Welke dieren leven op de zeebodem?
In tegenstelling tot wat vaak wordt gedacht, is het grootste deel van de zeebodem, bekend als de "Open Oceaan", niet echt een habitat voor dieren, alleen een plek waar ze langs komen op weg naar ergens anders. In het grootste deel van de wereld is de oceaanbodem erg diep, gemiddeld 3790 meter (12.430 ft) diep. Bijna de helft van de zeevloeren ter wereld is meer dan 3000 meter (9.800 ft) diep. Al met al vormt de diepe zeebodem ongeveer 71% van de oceanen van de wereld, met ondiepe water, zoals continentale planken, die 29% uitmaken.
Het dierenleven op de zeebodem is heel anders, afhankelijk van of we het hebben over de continentale plank of de diepe oceaan. Op de continentale planken is waar de grootste biodiversiteit kan worden gevonden. Veel planten en dieren wonen hier: kelpbossen, enorme hoeveelheden algen, haaien, vissen, schaaldieren, brachiopoden, tweekleppels, sponzen, cnidarians (kwallen en familieleden), echinoderms), cetaceans (whales, dolphins, bruidsschieten), en veel meer. Van de 38 dierPhyla, allemaal behalve één - de fluwelen wormen - hebben een mariene versie. Dit is de reden waarom het veld van mariene biologie zo groot is.

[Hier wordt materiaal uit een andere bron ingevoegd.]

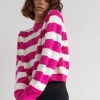 В'язаний джемпер oversize в смужку  LX-10475033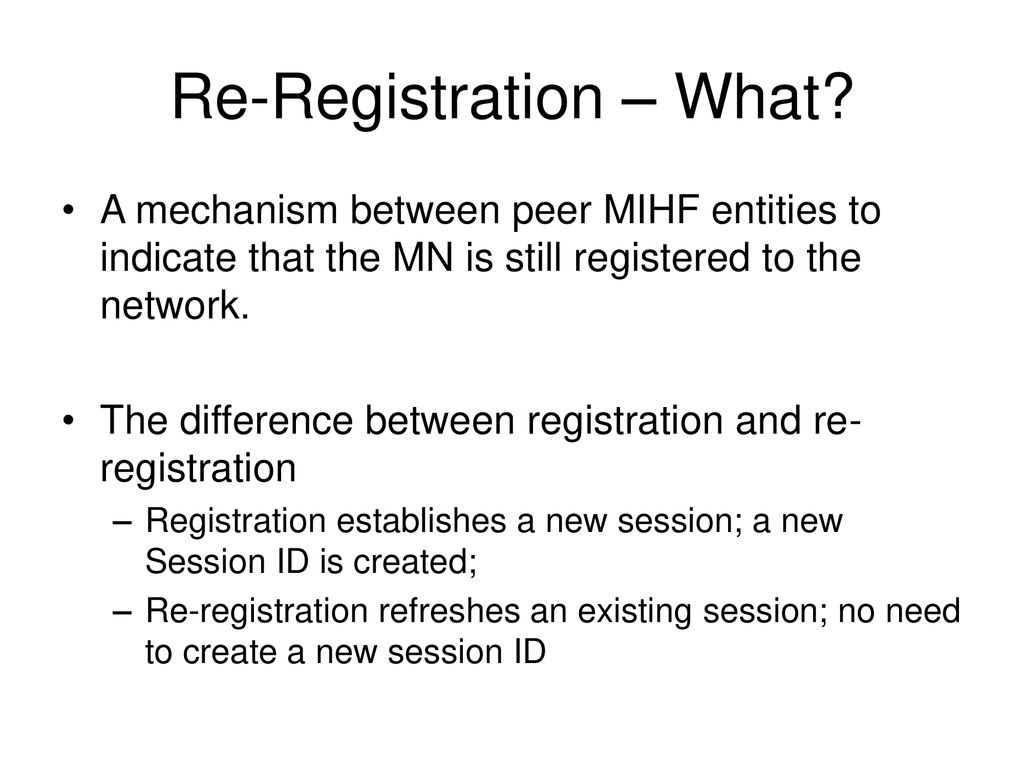 Re-Registration – What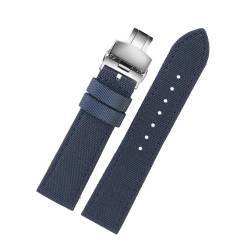 KemEng Nylon Canvas Uhrengurt 18-24mm NATO Uhr Band für Männer und Frauen, Blaue Silberklappschnalle, 21mm von KemEng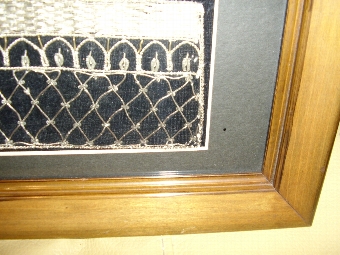 Antique TAJ MAHAL HAND SEWN EMBROIDERY IN GOLD & SILVER HEAVY THREAD ON A BLACK VELVET BACKGROUND UNDER GLASS PRESENTED IN THE ORIGINAL MAHOGANY FRAME 21.75 X 15.5 INCHES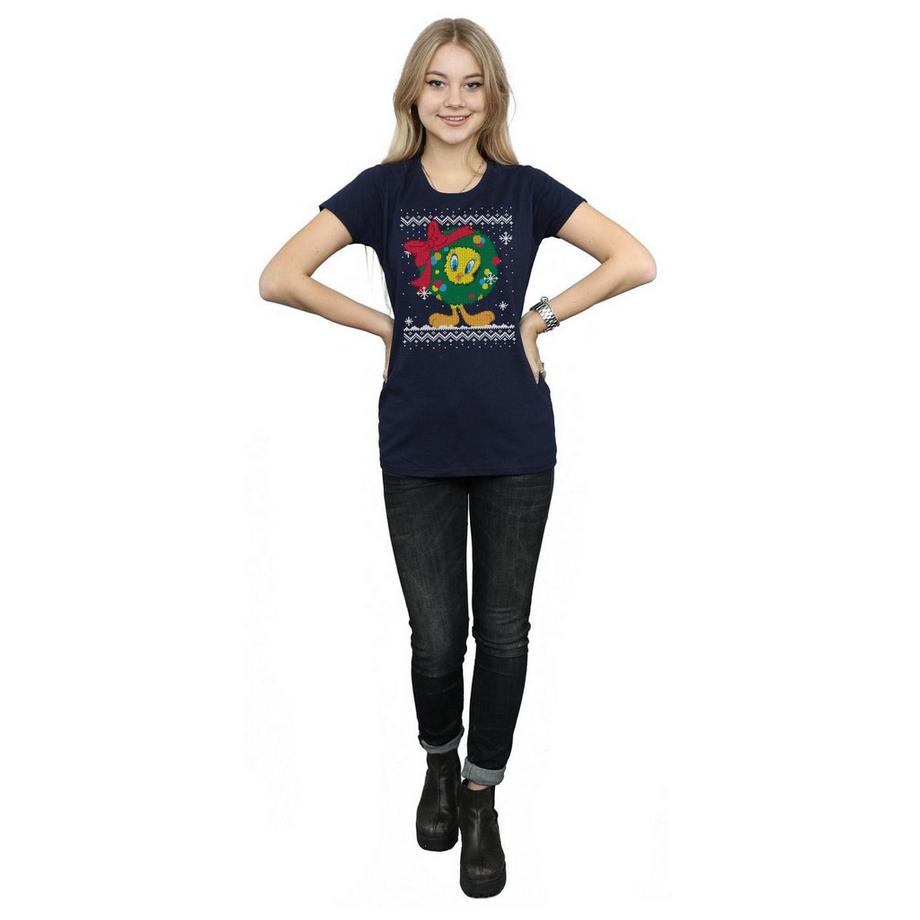 LOONEY TUNES Tweety Pie Christmas Fair Isle T-Shirt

Hoewel de continentale planken technisch gezien de 'zeebodem' zijn, verwijst het soms wanneer het woord wordt gebruikt, specifiek naar de diepe zee. De diepe zee is meestal verstoken van het leven, omdat de aphotische (zonder lichte) zone van de oceaan begint op een diepte van 0,9 km (15.000 voet) en helemaal tot aan de bodem doorgaat. Omdat regio's zonder licht geen fotosynthetiserende planten of bacteriën kunnen ondersteunen, hangt het ecosysteem in de aphotische zone voornamelijk af van organisch detritus dat van bovenaf valt. Veel dieren die in de aphotische zone worden gevonden, zijn in staat om hun eigen licht te produceren, bioluminescentie genoemd.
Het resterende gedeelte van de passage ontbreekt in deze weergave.